◆ WHAT THE EXERCISE ASKS ◆
Down to the last line of the listing, starting at the one with "Eurydactylodes agricolae", retype each line exactly. Do not copy the pictures.

◆ RECORDS PROVIDED ◆
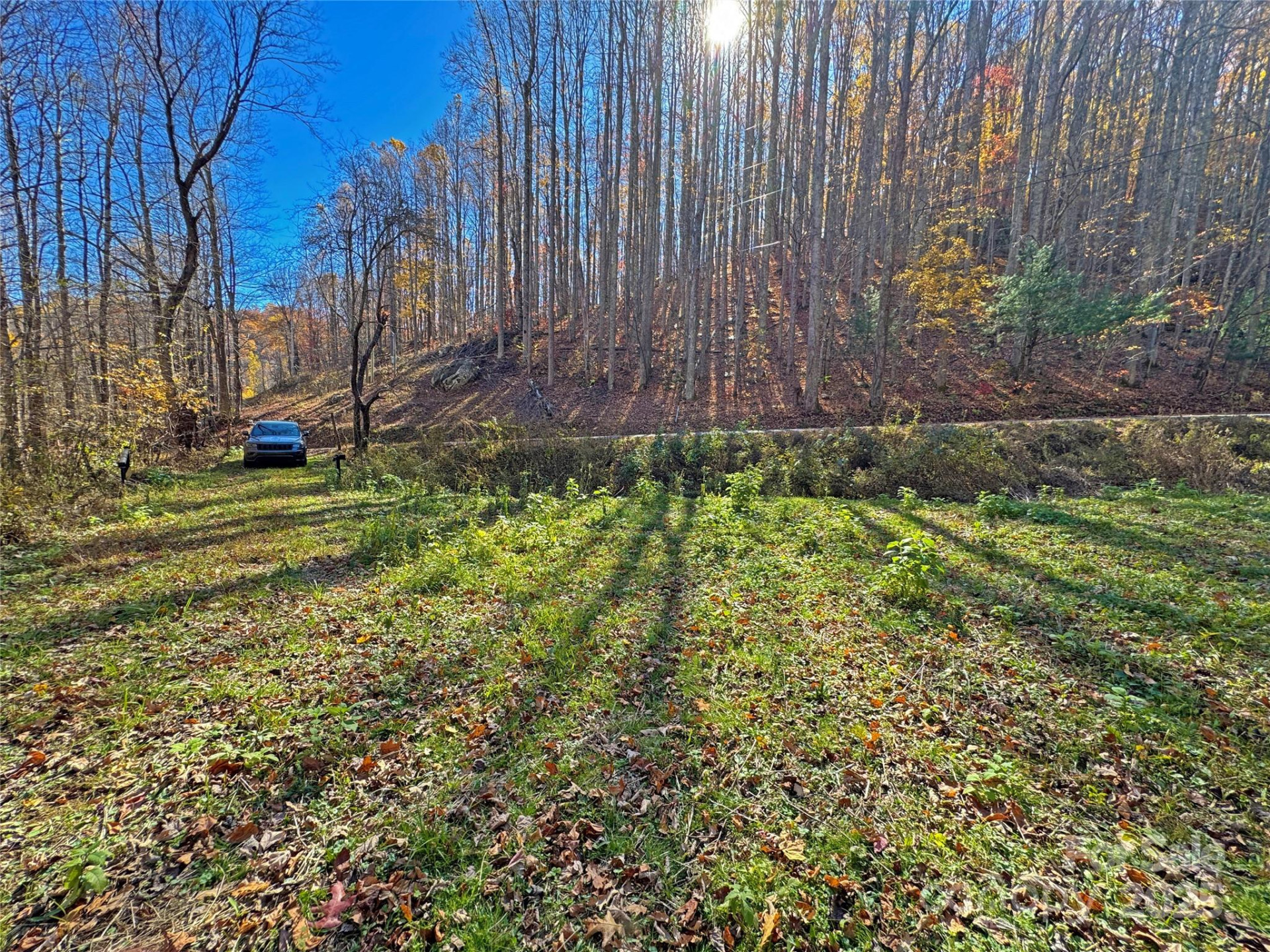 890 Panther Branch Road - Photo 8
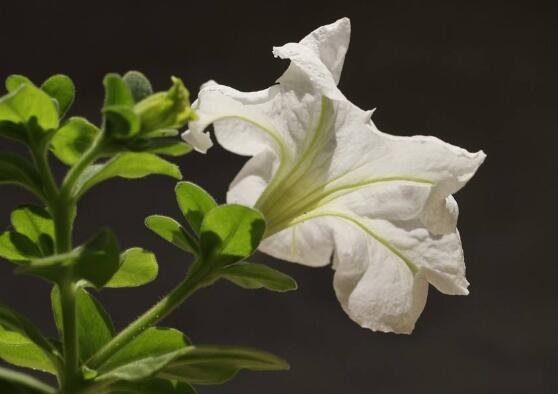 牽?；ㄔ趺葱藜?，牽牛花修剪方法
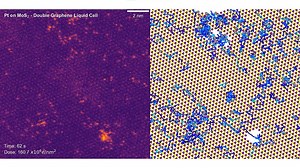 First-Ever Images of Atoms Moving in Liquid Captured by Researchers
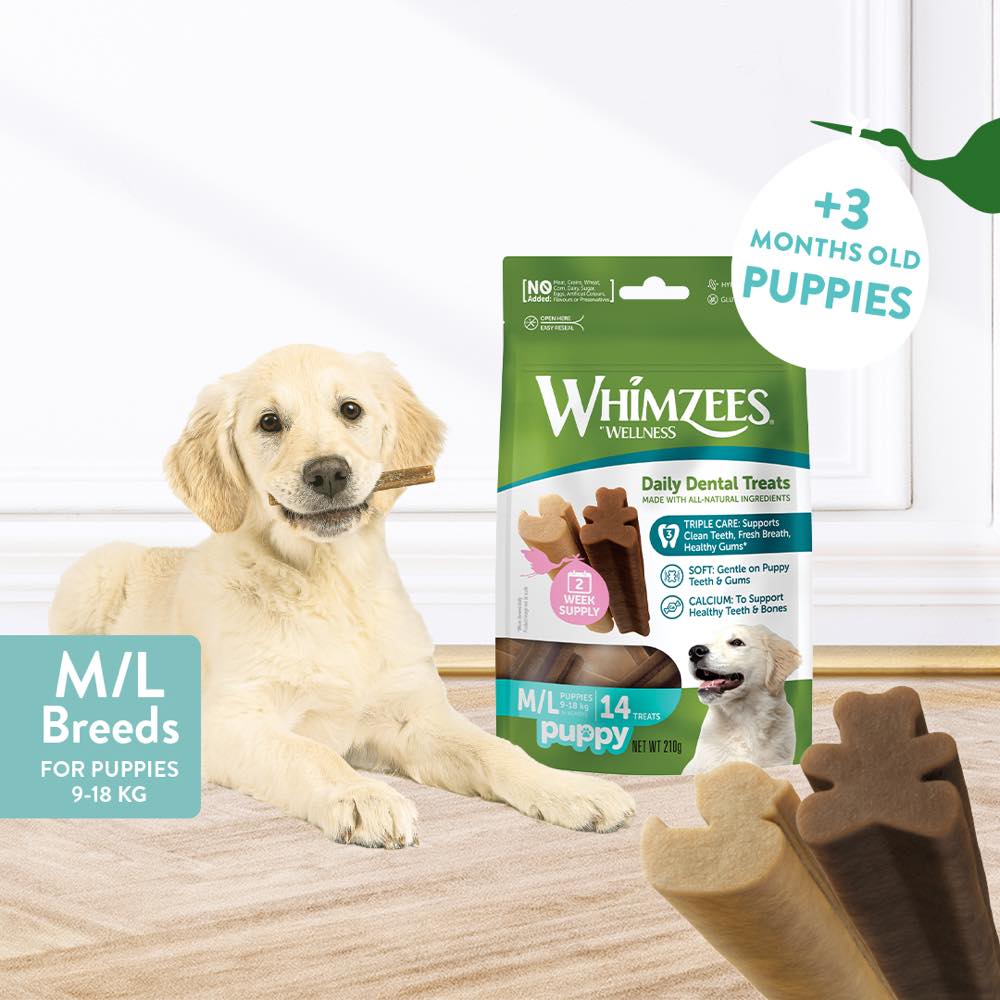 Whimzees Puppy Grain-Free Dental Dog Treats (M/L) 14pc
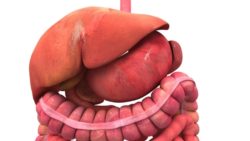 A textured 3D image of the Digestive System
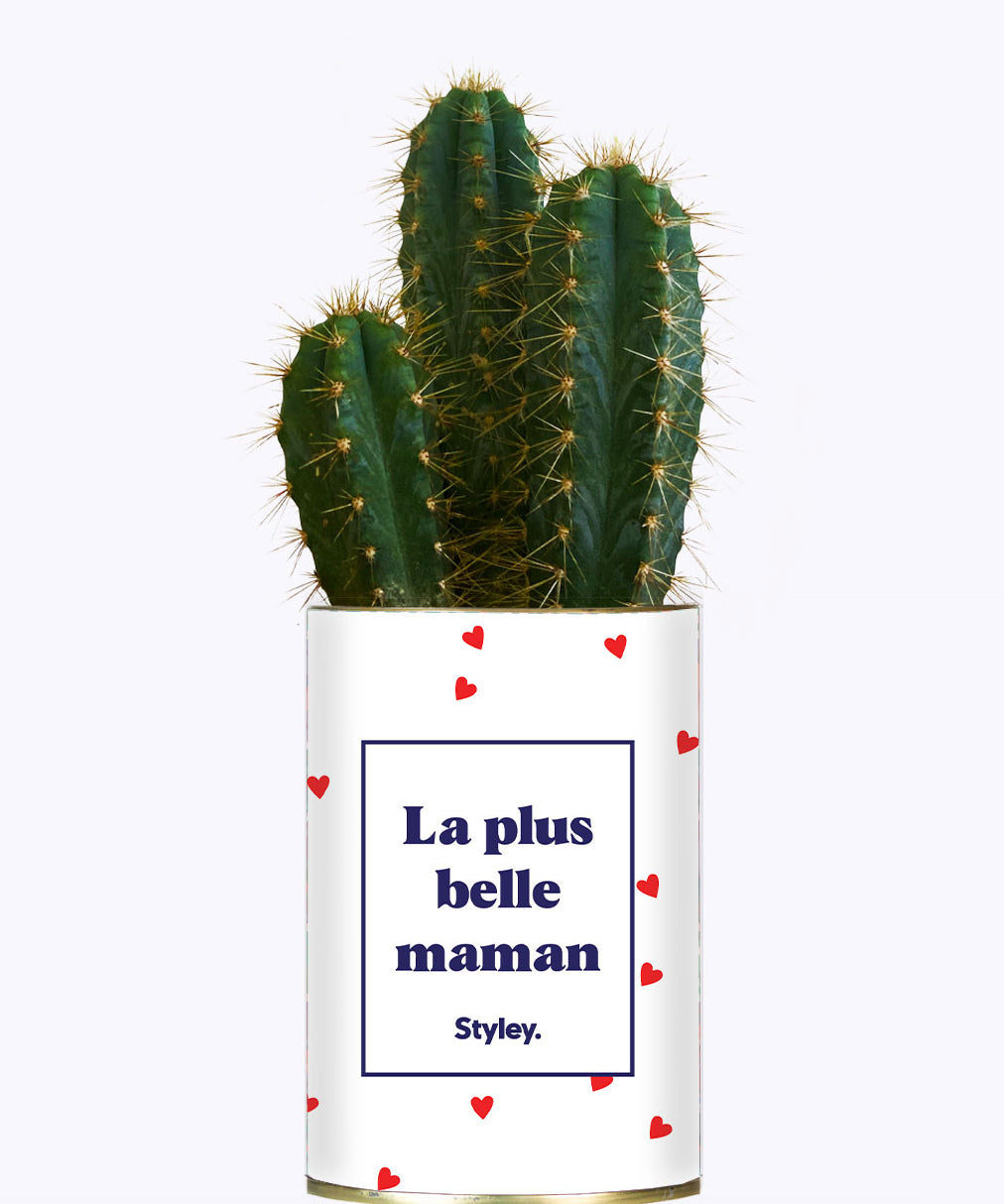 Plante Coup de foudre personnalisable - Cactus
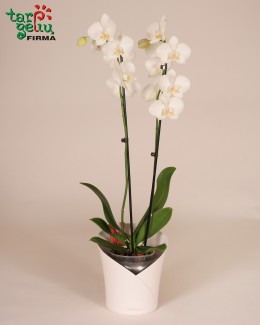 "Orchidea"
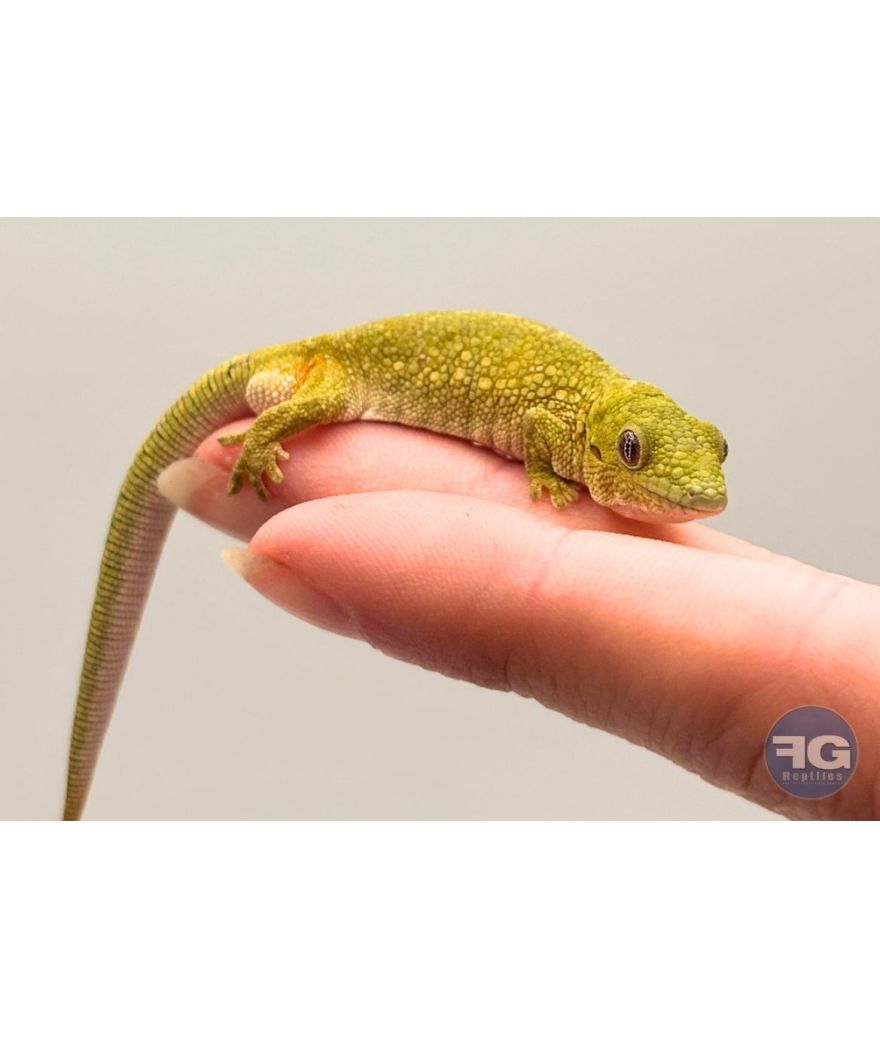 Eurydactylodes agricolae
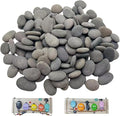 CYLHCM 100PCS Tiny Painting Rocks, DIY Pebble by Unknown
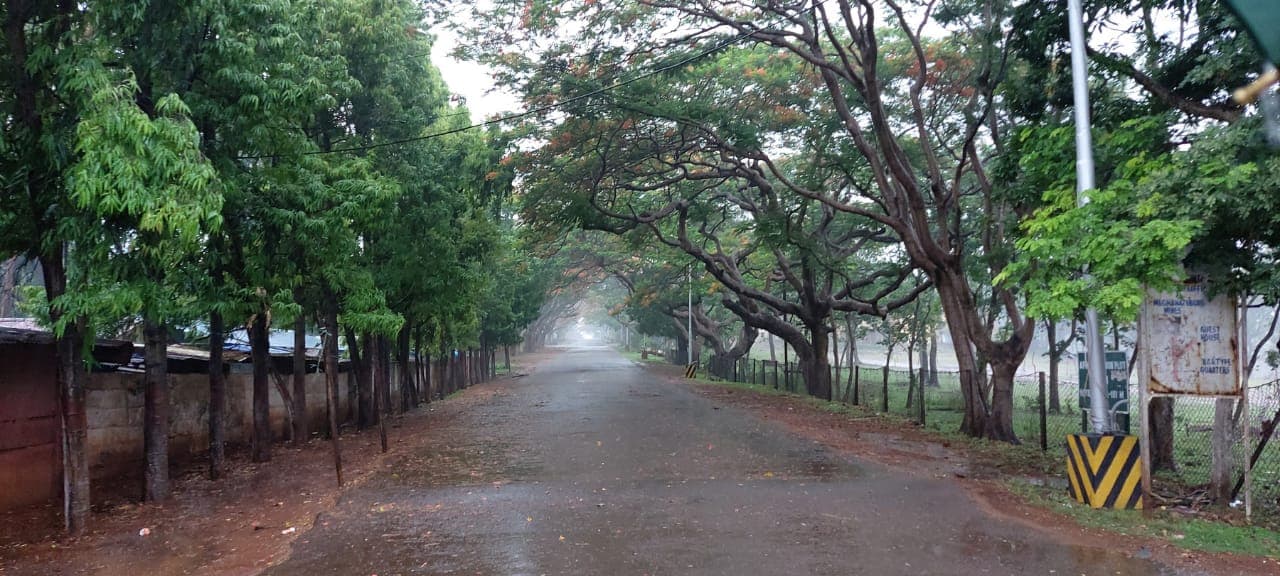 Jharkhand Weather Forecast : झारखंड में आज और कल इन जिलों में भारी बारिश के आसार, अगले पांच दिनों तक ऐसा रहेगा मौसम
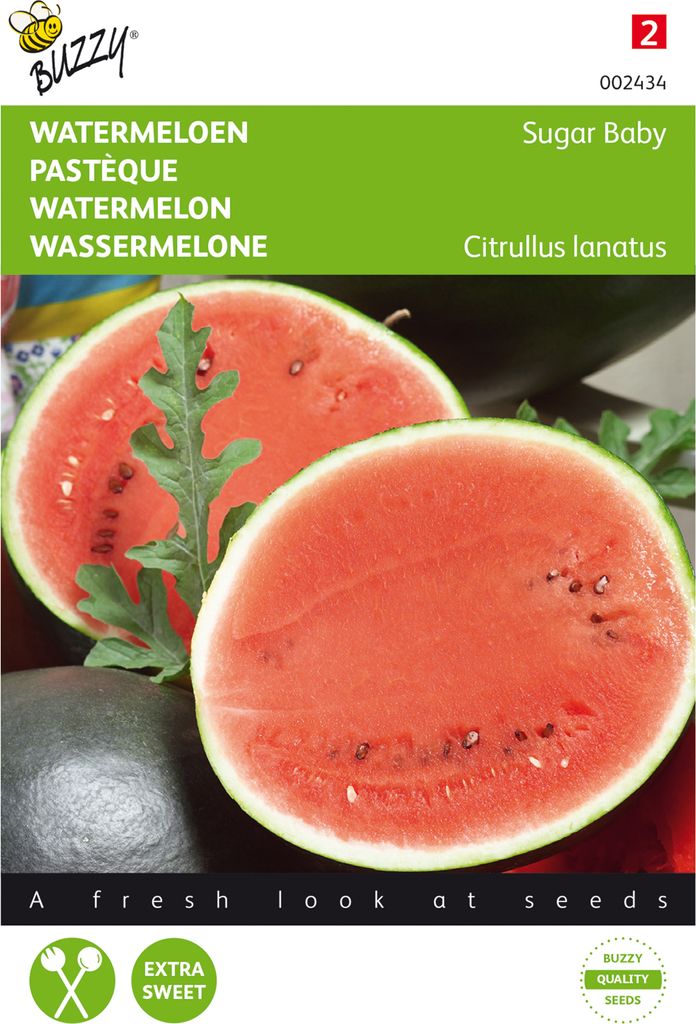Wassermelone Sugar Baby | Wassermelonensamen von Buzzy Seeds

◆ TASK RESPONSE ◆
 Eurydactylodes agricolae
 CYLHCM 100PCS Tiny Painting Rocks, DIY Pebble by Unknown
 Jharkhand Weather Forecast : झारखंड में आज और कल इन जिलों में भारी बारिश के आसार, अगले पांच दिनों तक ऐसा रहेगा मौसम
Wassermelone Sugar Baby | Wassermelonensamen von Buzzy Seeds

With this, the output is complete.